My parents told me that learning in college would happen fifty percent inside the classroom and fifty percent outside of it. My senior seminar’s trip to the Fourth Circuit Court of Appeals somehow fit both categories and easily was one of the most rewarding learning experiences I’ve had at the College. In classes, it’s easy to forget that what you learn directly affects the world we live in. Watching Juniper’s argument in person changed the class from feeling theoretical to feeling concrete and human; the issues and Supreme Court precedents we learned would facilitate Anthony Juniper’s life or death. It was sobering and moving.
Professor Sasser arranged an opportunity for us to talk separately with the petitioner and respondent after the arguments. This was especially cool considering we “mooted” the case – meaning we practiced its oral argument – only four days before.
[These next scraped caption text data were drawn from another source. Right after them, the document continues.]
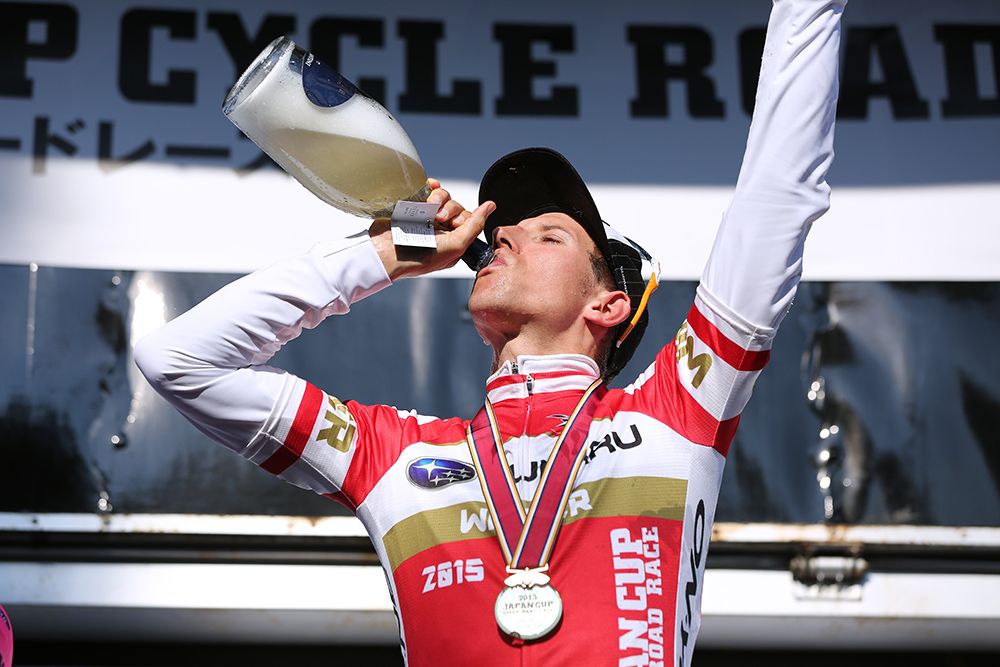 Bauke Mollema takes a swig of the celebratory bubbly
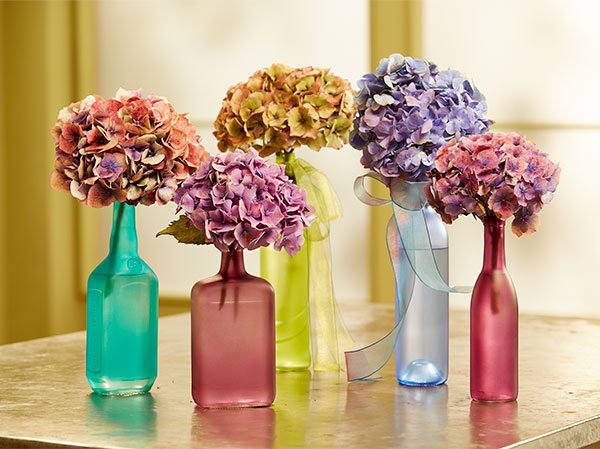 Transform any glass bottle in a Colorful Vase- add a bit of ribbon and one flower- VOILA!
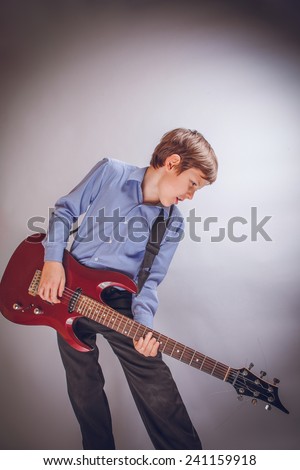 teenager boy of 10 years of European appearance playing guitar on a gray background cross process
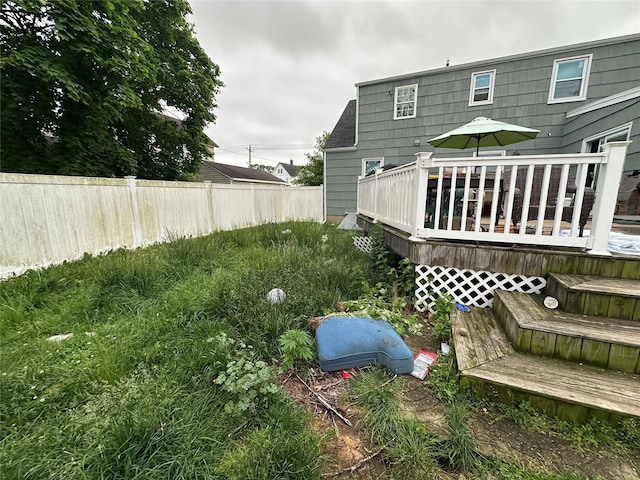 417 S Ocean Ave, Patchogue, NY 11772 - rear view of property with a wooden deck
We learned why they argued either for or against, how they prepared for the argument, what questions they expected, and even cooler – they asked us what we would have done differently. And, cooler than that: we were able to answer thoughtfully and knowledgably, because we had each done over a hundred pages of reading in preparation.
One of my favorite parts about the trip was that I experienced it with my classmates. Two forty-five minute road trips with Professor Sasser at the wheel invited games, stories, and laughter (and maybe a little innocuous Government Department gossip). These periods of transition – the car rides, the walk from the Courthouse to the Attorney General’s Office – allowed for unstructured time where my peers and I could just hang out and get to know one another outside of the classroom. Elaborating on or challenging a viewpoint is easier when you know that person, and we all felt the better classroom environment when we were back in Tyler Hall.
Most of our class was convinced that something went wrong in Anthony Juniper’s trial, so we eagerly await the opinion of the Fourth Circuit’s panel.